Upaya pendekatan yang dilakukan Nafisah ini sebenarnya bermakna penting. Tidak saja penting bagi Khadijah, tetapi juga bagi sejarah manusia secara umum. Jika Khadijah terbukti berperan penting bagi kesuksesan Rasulullah menunaikan misi risalahnya, maka siapa pun yang membantu pernikahan mereka harus dipandang sebagai bagian penting dari proses penyebaran Islam ke seluruh dunia.
Dengan meminang Muhammad, Khadijah sebenarnya sedang menciptakan sebuah tradisi yang memihak dan menghormati wanita.

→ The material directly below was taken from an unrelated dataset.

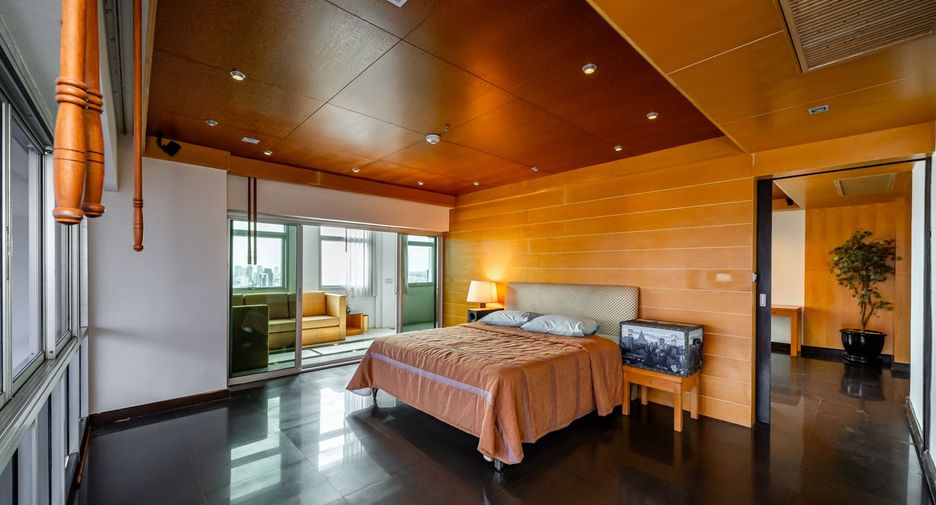 For sale 4 ベッドルーム condo in Sathon, Bangkok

Jika wanita berhak untuk mengatur urusan-urusannya sendiri, mengapa ia tidak boleh memilih seorang lelaki untuk menjadi pendamping hidup dan ayah bagi anak-anaknya? Apalagi Khadijah tidak memilih calon suami yang kaya. Pilihannya atas Muhammad lebih didasarkan atas budi pekerti yang mulia dan perilaku yang luhur. Muhammad juga terbukti mampu menjaga dan mengembangkan aset-aset bisnisnya.
Akan tetapi, bukan hal itu saja yang dipelajari dari kisah ini. Setelah Nafisah memberi tahu hasil pendekatannya, Khadijah lalu mengundang Muhammad ke kediamannya. Di sana, dengan berani, Khadijah mengungkapkan secara langsung pinangannya. Hal ini menunjukkan rasa percaya diri yang tinggi sekaligus keberanian menuntut hak dan menyampaikan aspirasi tanpa perantara. Khadijah memperlihatkan bahwa wanita mampu menangani urusan-urusannya sendiri, berhak melakukan apa pun demi mencapai kebahagiaan, serta boleh menerima siapa pun yang pantas menjadi tamunya.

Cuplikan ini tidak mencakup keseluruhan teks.